As I shooed a small fly away from the breakfast table this morning Phil commented on the unusually large number of flies in the playing room at the chess tournament in Mondariz. Now, this was in a smart hotel. My experience in recent years is that there are remarkably few flies in smart hotels. What do they do to keep them out?
In fact, there are fewer flies around in general than there used to be. Modern insecticides must have done for them. I can remember being on holiday in the 1970s in the French Pyrenees and flies being an almost expected part of the holiday. The farmhouse where we stayed had long (rather gruesome) strings of flypaper hanging from the ceiling in the main room on the ground floor. From the moment the sun came up, the flies woke up, flew around like idiots and were stuck on the fly paper! I wonder if they still have all those flies there. I suspect not.
Then there are spiders, of which there are far more than I ever remember in my childhood, despite the greater number of flies for them to feed on. In our house in the UK, we regularly catch large spiders and throw them out of the window. Here in the flat in Vigo, I have not seen a single spider! Can they not climb up seven floors? Are lower floors infested with spiders? Do you find spiders in the "bajos", down at street level where spiders do not have to climb stairs to get in? Are there more spiders in British homes because more of us live in houses?

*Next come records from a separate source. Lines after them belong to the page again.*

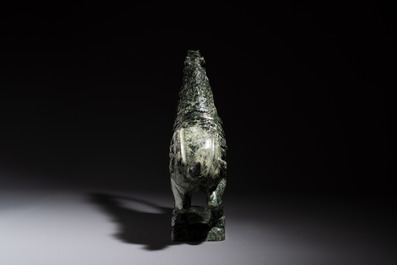 A large Chinese carved serpentine horse on a wooden stand, 20th C.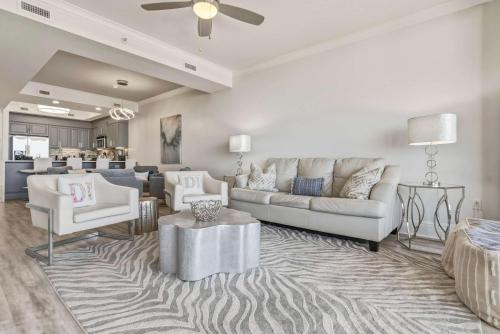 a living room with a couch and a table at Luxury GulfFront Penthouse with Resort Amenities in Dauphin Island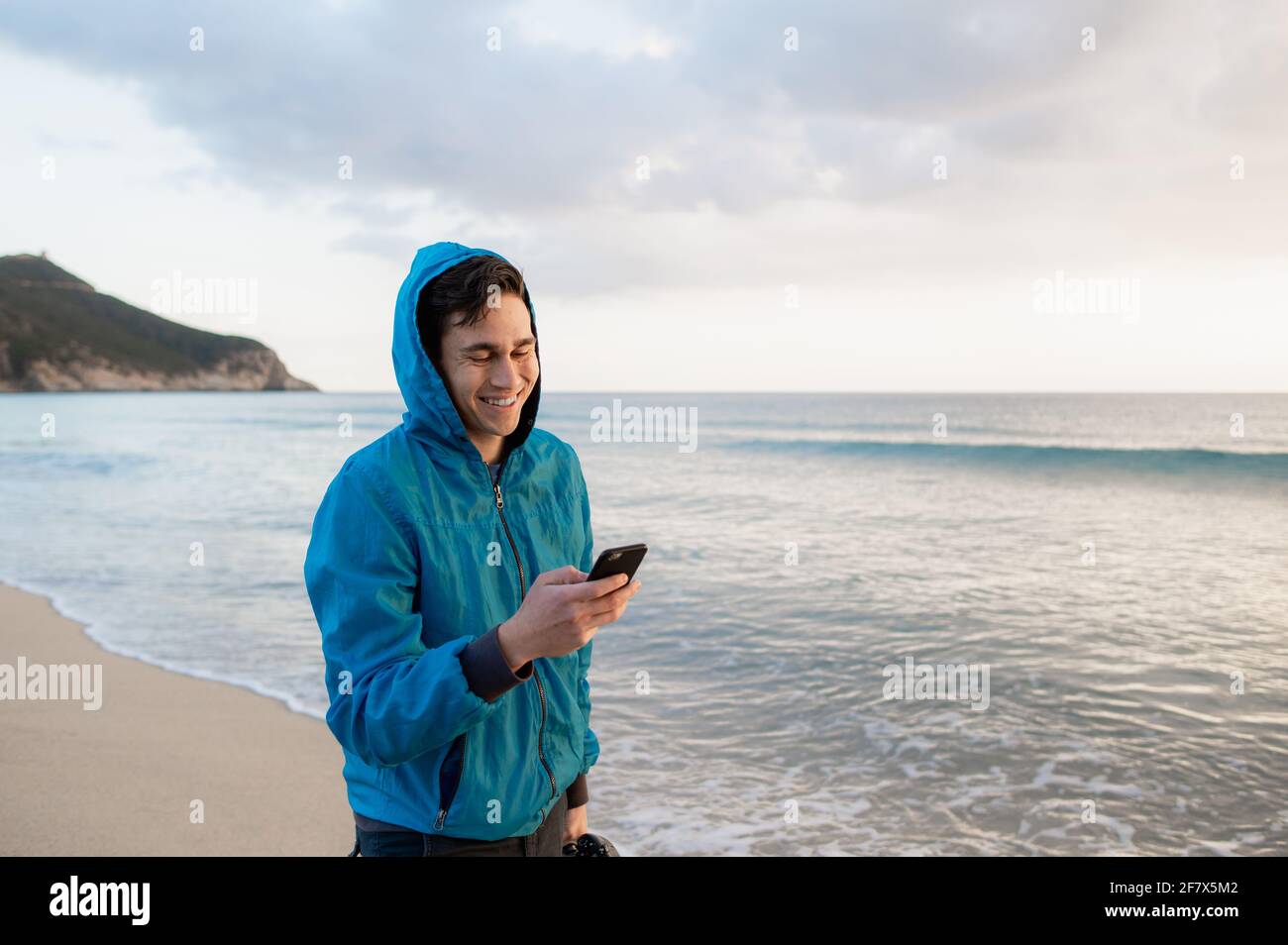 Jeune homme décontracté marchant sur la plage tout en lisant un message texte sur un smartphone et en souriant. Banque D'Images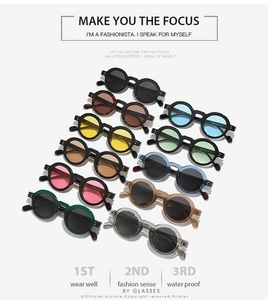 Multiple stylish retro small round sunglasses in various colors with metal rivet details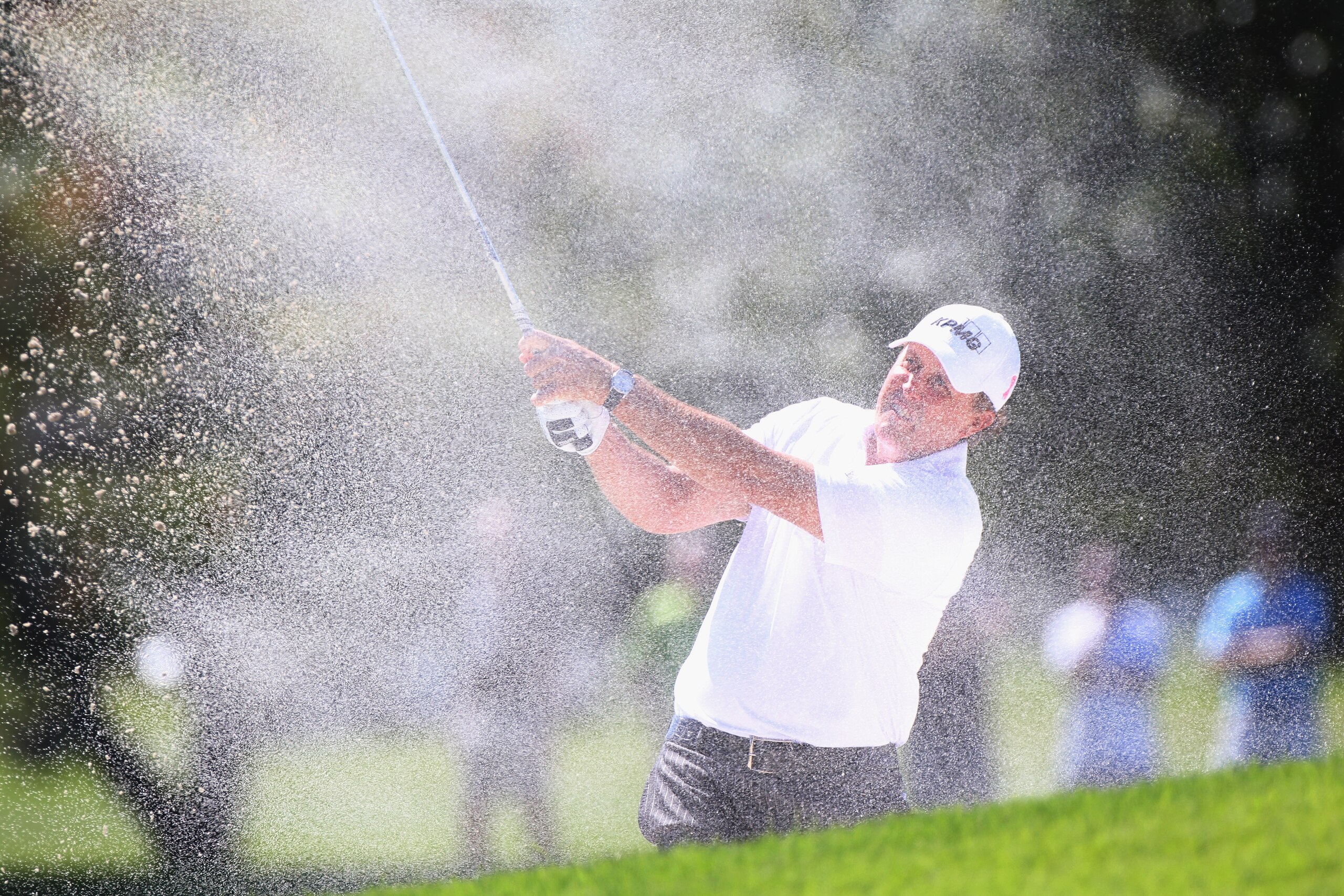 DORAL, FL - MARCH 12:  Phil Mickelson hits a shot during the third round of the 2011 WGC- Cadillac Championship at the TPC Blue Monster at the Doral Golf Resort and Spa on March 12, 2011 in Doral, Florida.  (Photo by Sam Greenwood/Getty Images)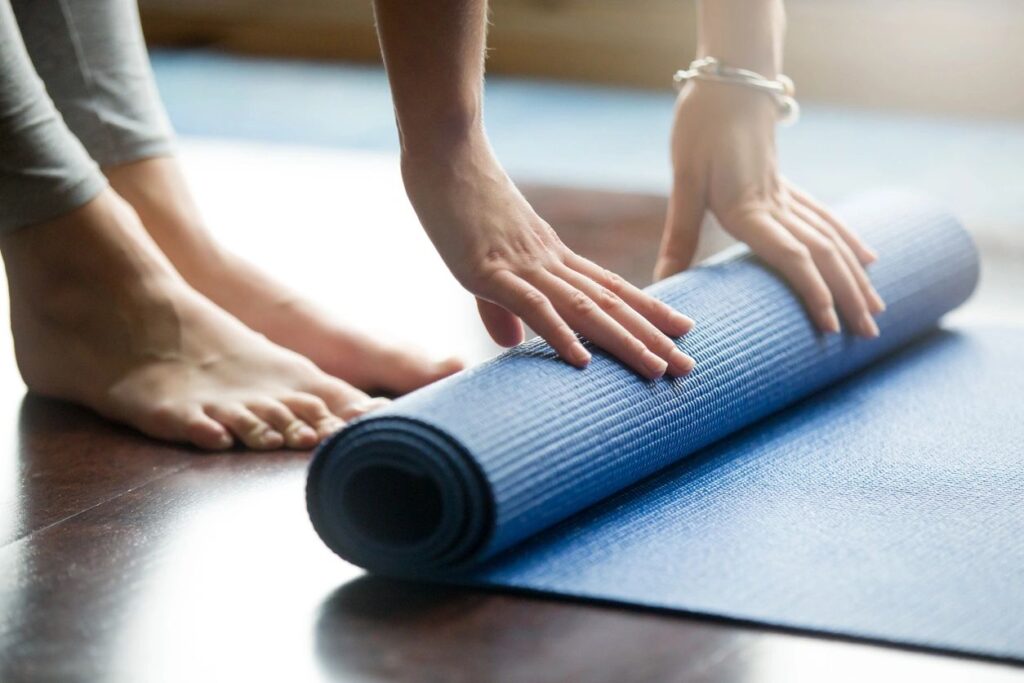 Photo of a yoga mat, hands and feet as the person rolls the mat up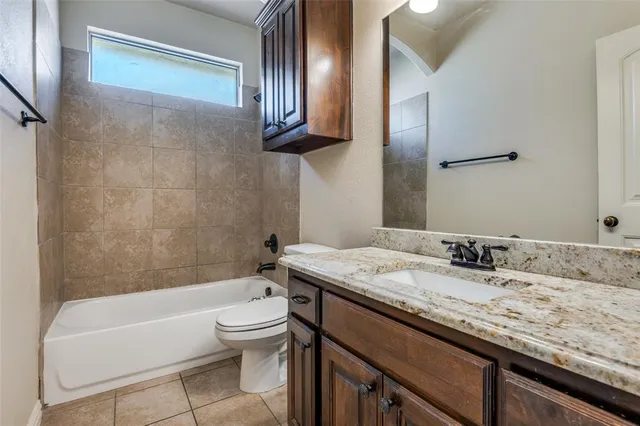 a bathroom with a granite countertop sink a toilet and bathtub
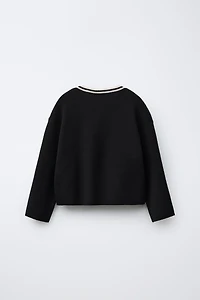 GILET EN MAILLE À NŒUDS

I tried researching it on the internet and found all sorts of stuff about the kinds of spiders you can find in Spain but nothing about the frequency of house spiders.
Now, I do know Spaniards who would say that it is because English houses are dirty. This is partly because they disapprove of the English habit of carpeting everywhere, including kitchens and bathrooms, a strange custom I have never understood. But on the whole it is one of those incomprehensible misconceptions. Almost every nation considers others less meticulous than themselves in cleaning habits.
I have also heard puzzlement about the lack of mixer taps in English homes, not to mention showers (less so nowadays, although some English homes with older plumbing systems still only have bathtubs) and bidets.
But I can imagine hoards of British housewives who dust and vacuum daily, if not more frequently, being very insulted at the idea that their homes are not clean!
The fact remains, however, that spiders do invade English homes. And this year warnings are going out about large house spiders, affectionately referred to by one expert as the “golden retrievers” of the spider world, making their way indoors.
The explanation is the warm weather enjoyed across the UK in the past months. Truly, that is what the article in the newspaper said! I am sure that many Spaniards of my acquaintance would hold their hands up in amazement. A German friend of mine , resident in Greater Manchester, who has complained about needing the heating on in recent "summer" months would agree with them. But there it is.
Experts say that the "warm weather" has contributed to an accelerated growth of the house spiders, who despite their name, usually live outdoors.
The male spiders migrate indoors at the end of the summer looking for a mate. Foolish males! Don't they know that female spiders are said to eat their mates after having their wicked way with them?
These spiders can grow to be a large as 12 centimetres wide. For those of us who were not brought up in the metric system, that's about 4.5 inches. THAT IS HUGE!!
A spider expert warned that the spiders' bite (yes, their BITE!) can be similar to a bee sting if the skin was pierced. She went on to say that this was unlikely to happen as long as people did not antagonise the insects and treated them sensibly. Should we really have to worry about "antagonising" spiders. If I saw one 12 centimetres wide I would be more concerned it might antagonise me! Goodness knows how our grandson will react of he finds out. We have enough trouble with his almost pathological fear of wasps.
The arachnid expert went on to say, “The best thing is to put a container over them and scoop them up with a postcard and escort them out. The risk of a bite even inadvertently if you're in the garden is very small."
Well, that's reassuring, isn't it?
It's also quite good to know that my method of dealing with invading spiders is approved of by the experts.
Though quite where one finds a container and a postcard of the dimensions to trap a 4.5 inch spider, without crushing its legs, let alone risking antagonising it, is another matter altogether.